◆ **TASK DIRECTIONS**: The needed output is the run of lines below from the one containing "A modern cream" through the one containing "Bottle labeled 'Double", copied exactly and free of pictures.

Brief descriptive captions
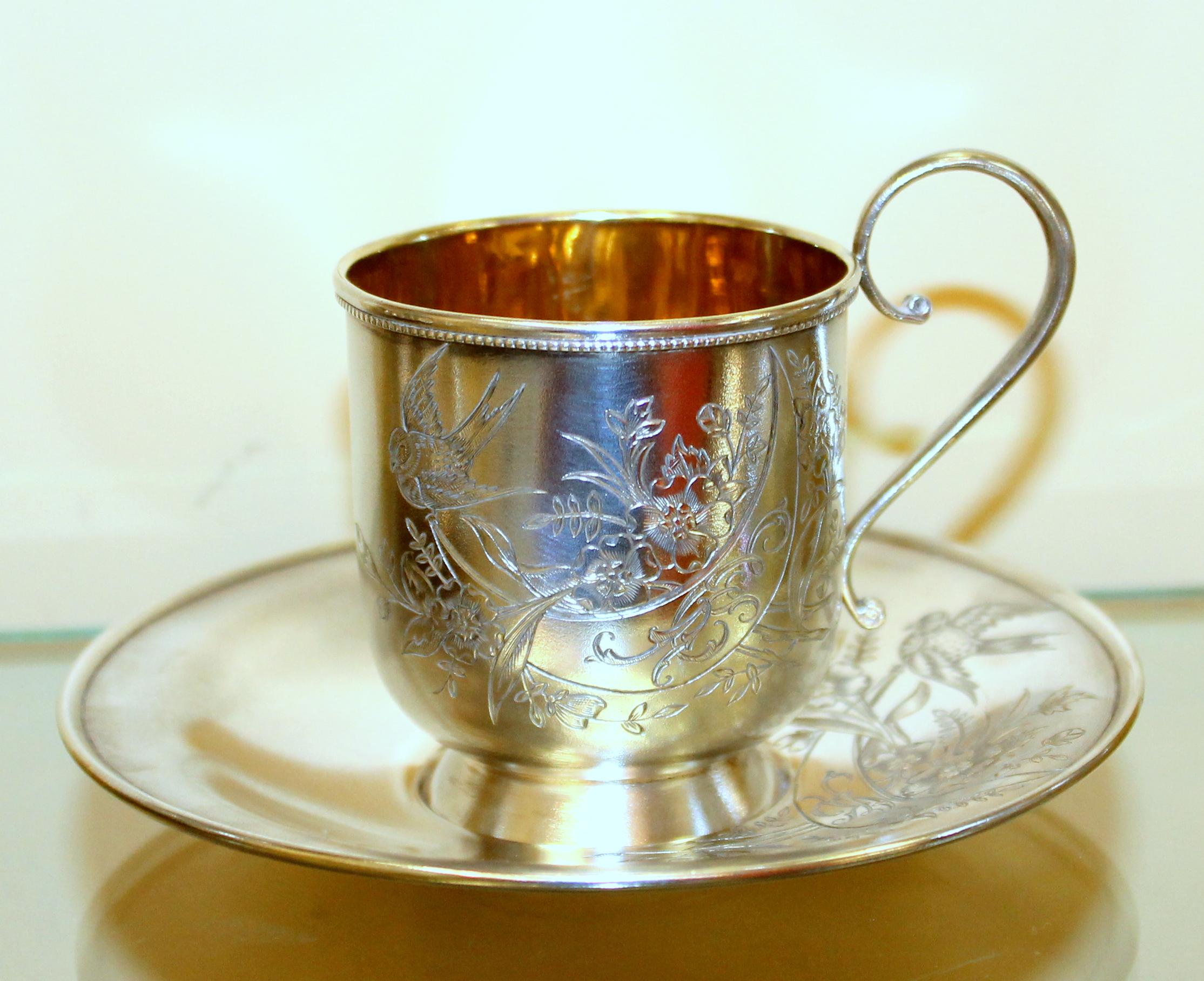 Exceptionally fine and rare antique Russian .875 fine silver hand engraved cup and saucer against a 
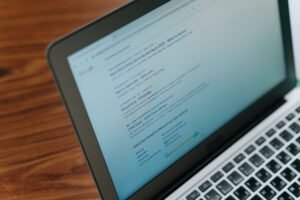 Website owner checking Google rankings and SEO analytics on laptop
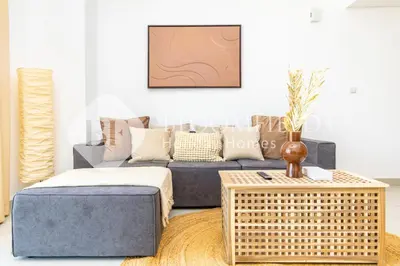 a living room with a couch and a table at Bloomfields 1br Elegant Escape The Pulse in Dubai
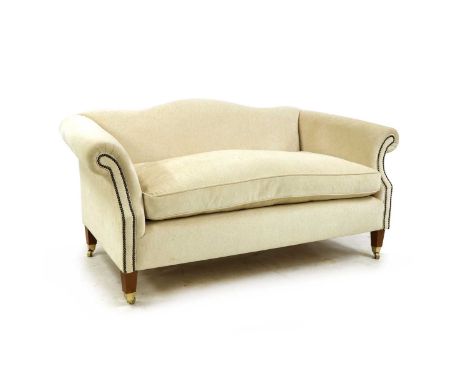 A modern cream upholstered two seater sofa, in the traditional style, the serpentine back above cushioned seat on square tape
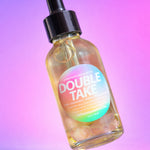 Bottle labeled 'Double Take' with a colorful label on a gradient background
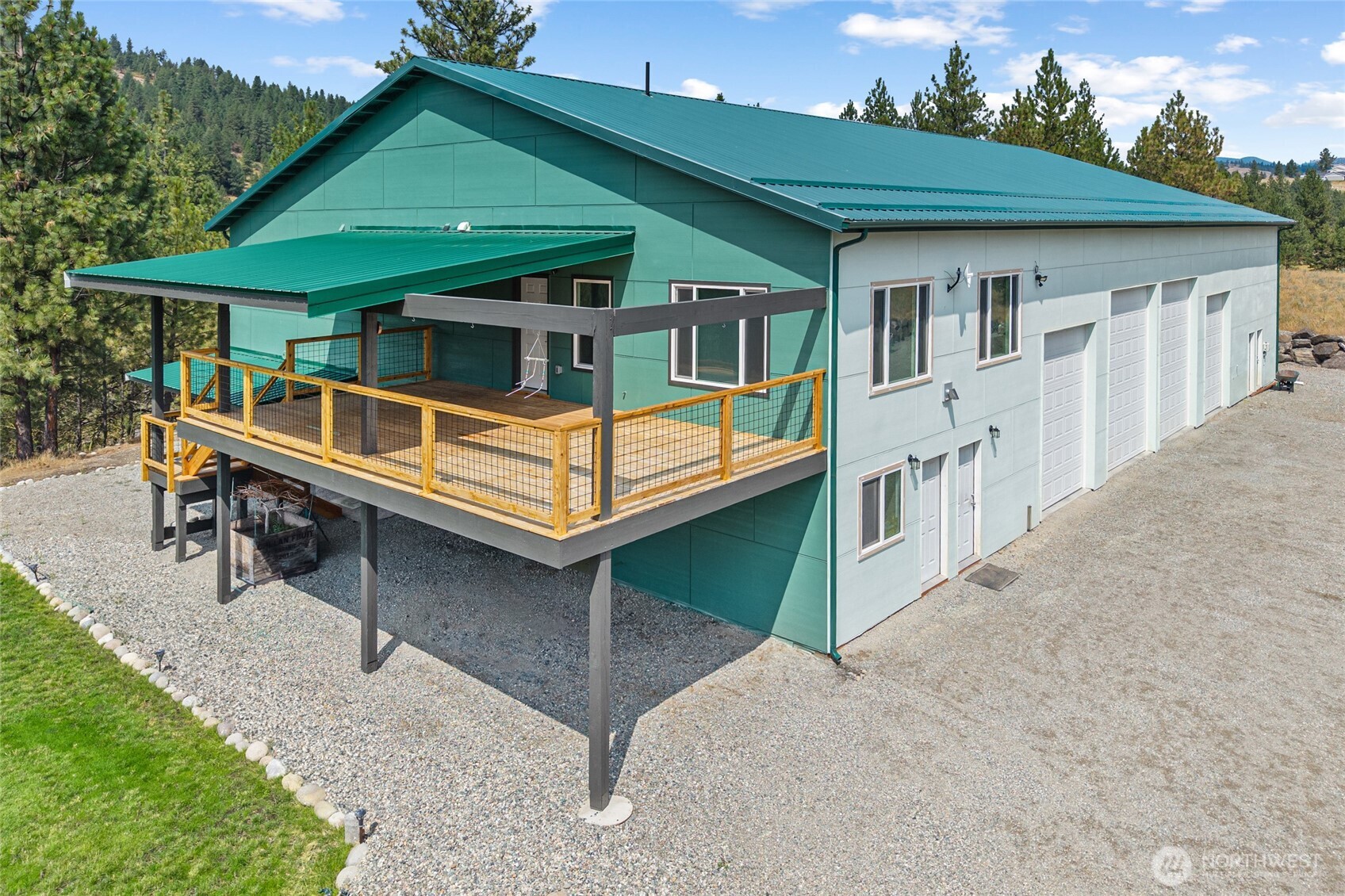 15 Miyoko Point Road Republic, WA 99166 - Photo 4 of 38 a front view of house with deck and yard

◆ **WRITTEN SOLUTION**:
 A modern cream upholstered two seater sofa, in the traditional style, the serpentine back above cushioned seat on square tape
 Bottle labeled 'Double Take' with a colorful label on a gradient background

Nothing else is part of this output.